5. Il movimento di lotta di queste ultime settimane di straordinaria mobilitazione nella scuola ha dimostrato quel che si doveva già sapere, che nessun consenso di opinione mette al riparo i governi dall'insorgere del conflitto sociale, ma, contemporaneamente, ci fa scoprire una nuova dimensione possibile del conflitto, quella della sua indipendenza dalle forze politiche e della sua irrappresentabilità. Si tratta di un movimento del tutto inedito, assai diverso non solo da quelli del '68 e del '77, ma anche da quello della Pantera, un movimento diverso per composizione, organizzazione e forme di crescita anche dal movimento altermondista. Esso promuove l'azione collettiva della popolazione di un comparto della società, qui la scuola, sulla base della denuncia della lesione di un suo diritto condiviso. Avevamo già visto che senza la sinistra non c'è opposizione politico-sociale, ora impariamo che neppure l'opposizione sociale rimette più in piedi la sinistra. Si sono consumate tutte le rendite di posizione della politica. Senza un'idea di sé, del suo rapporto con i movimenti e con la società la sinistra non esiste e non rinasce.

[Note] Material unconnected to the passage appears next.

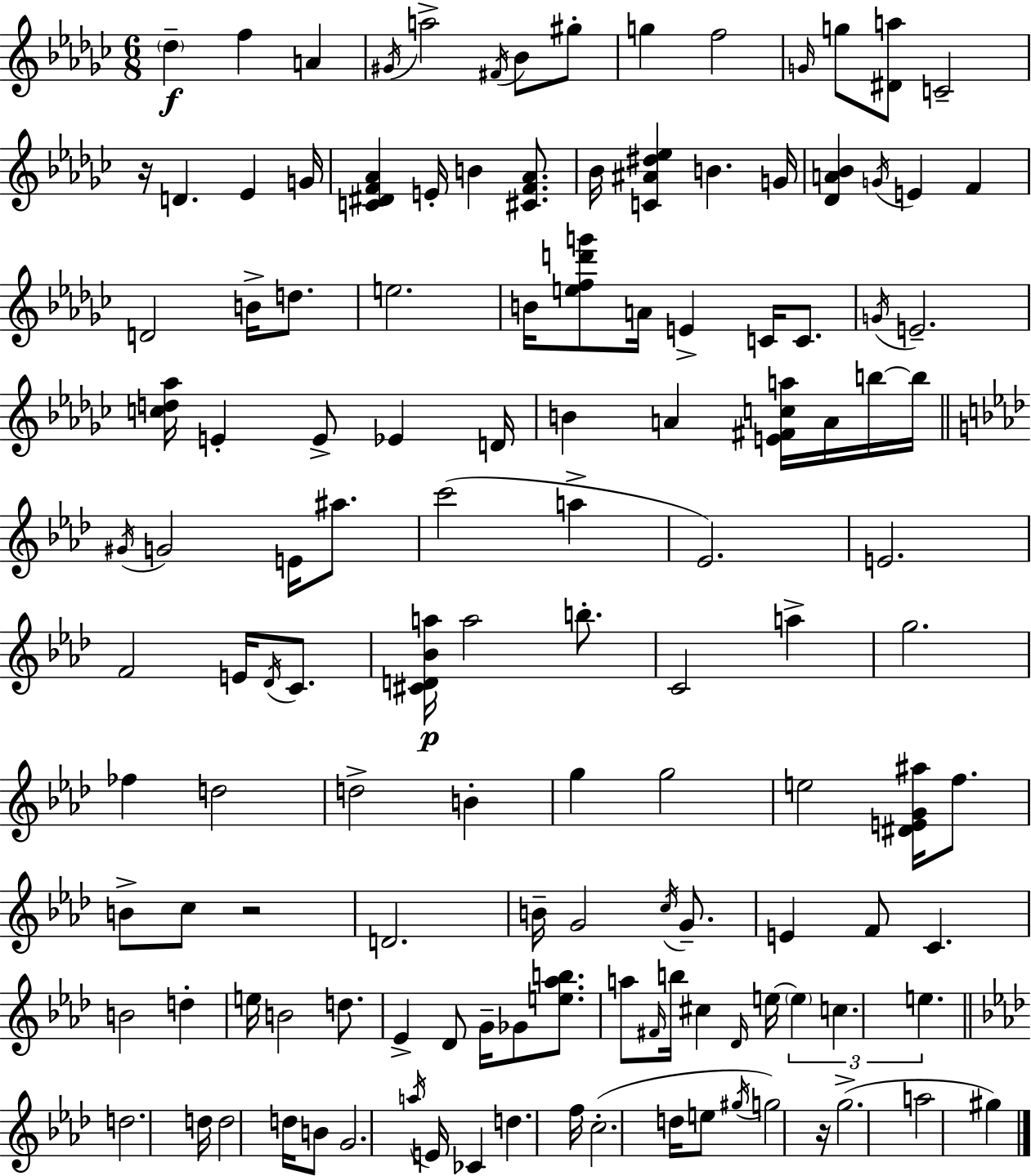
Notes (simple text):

Db5/q F5/q A4/q G#4/s A5/h F#4/s Bb4/e G#5/e G5/q F5/h G4/s G5/e [D#4,A5]/e C4/h R/s D4/q. Eb4/q G4/s [C4,D#4,F4,Ab4]/q E4/s B4/q [C#4,F4,Ab4]/e. Bb4/s [C4,A#4,D#5,Eb5]/q B4/q. G4/s [Db4,A4,Bb4]/q G4/s E4/q F4/q D4/h B4/s D5/e. E5/h. B4/s [E5,F5,D6,G6]/e A4/s E4/q C4/s C4/e. G4/s E4/h. [C5,D5,Ab5]/s E4/q E4/e Eb4/q D4/s B4/q A4/q [E4,F#4,C5,A5]/s A4/s B5/s B5/s G#4/s G4/h E4/s A#5/e. C6/h A5/q Eb4/h. E4/h. F4/h E4/s Db4/s C4/e. [C#4,D4,Bb4,A5]/s A5/h B5/e. C4/h A5/q G5/h. FES5/q D5/h D5/h B4/q G5/q G5/h E5/h [D#4,E4,G4,A#5]/s F5/e. B4/e C5/e R/h D4/h. B4/s G4/h C5/s G4/e. E4/q F4/e C4/q. B4/h D5/q E5/s B4/h D5/e. Eb4/q Db4/e G4/s Gb4/e [E5,Ab5,B5]/e. A5/e F#4/s B5/s C#5/q Db4/s E5/s E5/q C5/q. E5/q. D5/h. D5/s D5/h D5/s B4/e G4/h. A5/s E4/s CES4/q D5/q. F5/s C5/h. D5/s E5/e G#5/s G5/h R/s G5/h. A5/h G#5/q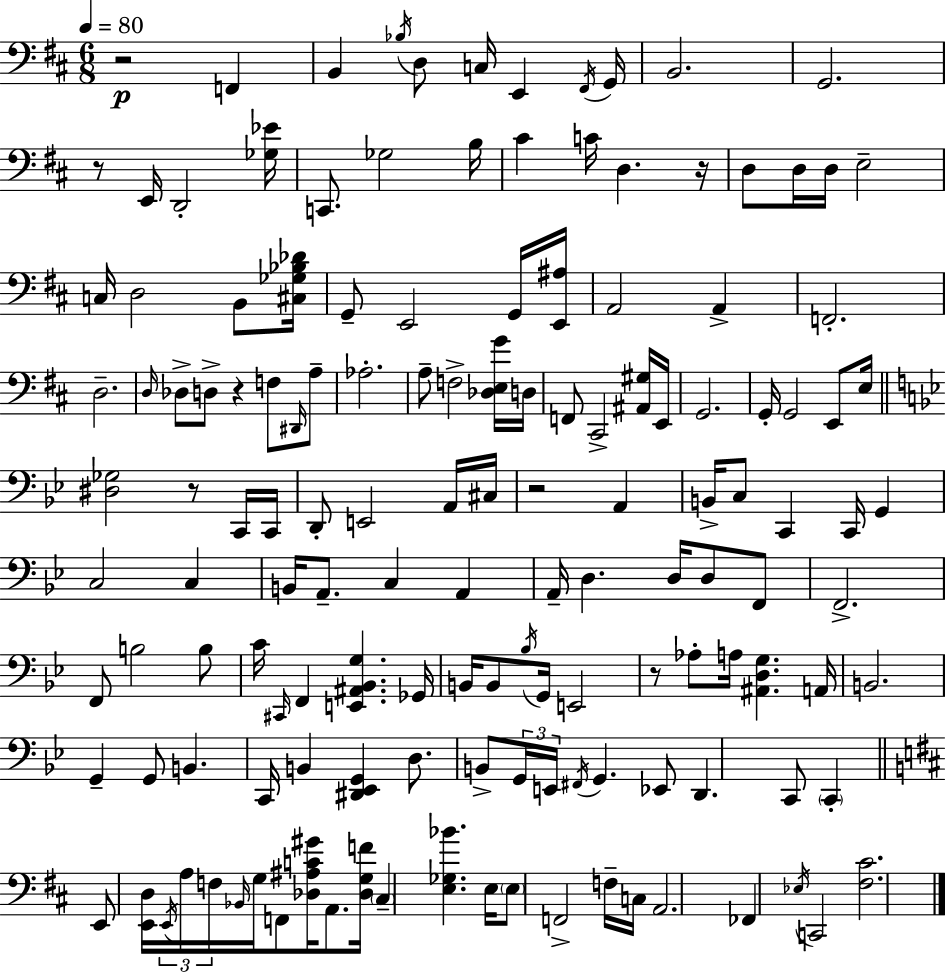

6. Il lavoro sarà investito da una nuova fase di ristrutturazione promossa dalla crisi, e sulla base della recessione e dell'attacco all'occupazione. Il padronato si prepara a gestirla facendola precedere da un a-fondo sul sistema contrattuale con lo scopo di ridurre non solo il lavoro, ma anche il sindacato a variabile dipendente della competitività aziendale. Sebbene possa sembrare troppo radicale ed estremista, l'obiettivo confindustriale è proprio quello di cancellare l'autonomia rivendicativa e contrattuale del sindacato per sostituirlo con la sua istituzionalizzazione neocorporativa: un cambio della sua natura per sottomettere "definitivamente" il lavoro all'impresa e al capitalismo. Cambiano, anche assai profondamente, i cicli economici e la composizione del lavoro, ma il lavoro, la contesa sul lavoro e la soggettività delle lavoratrici e dei lavoratori, cioè il concreto manifestarsi delle lotte di classe, torna come uno degli snodi decisivi per l'esistenza della sinistra. Non c'è nessun automatismo né alcuna esclusività da proporre, né alcuna collocazione gerarchica da rivendicare rispetto ad altre contraddizioni, prima tra tutte quella ambientale. Semplicemente senza una sua politica su questo snodo la sinistra non esiste. La stessa questione sindacale acquista un peso del tutto particolare sia rispetto alla questione sociale che a quella politica. Se la Cgil si sottrarrà all'esito voluto dalla Confindustria e dal Governo niente rimarrà come è stato dal 1992 ad oggi, e comincerà una nuova seppur difficile storia del sindacato e del conflitto di lavoro in Italia.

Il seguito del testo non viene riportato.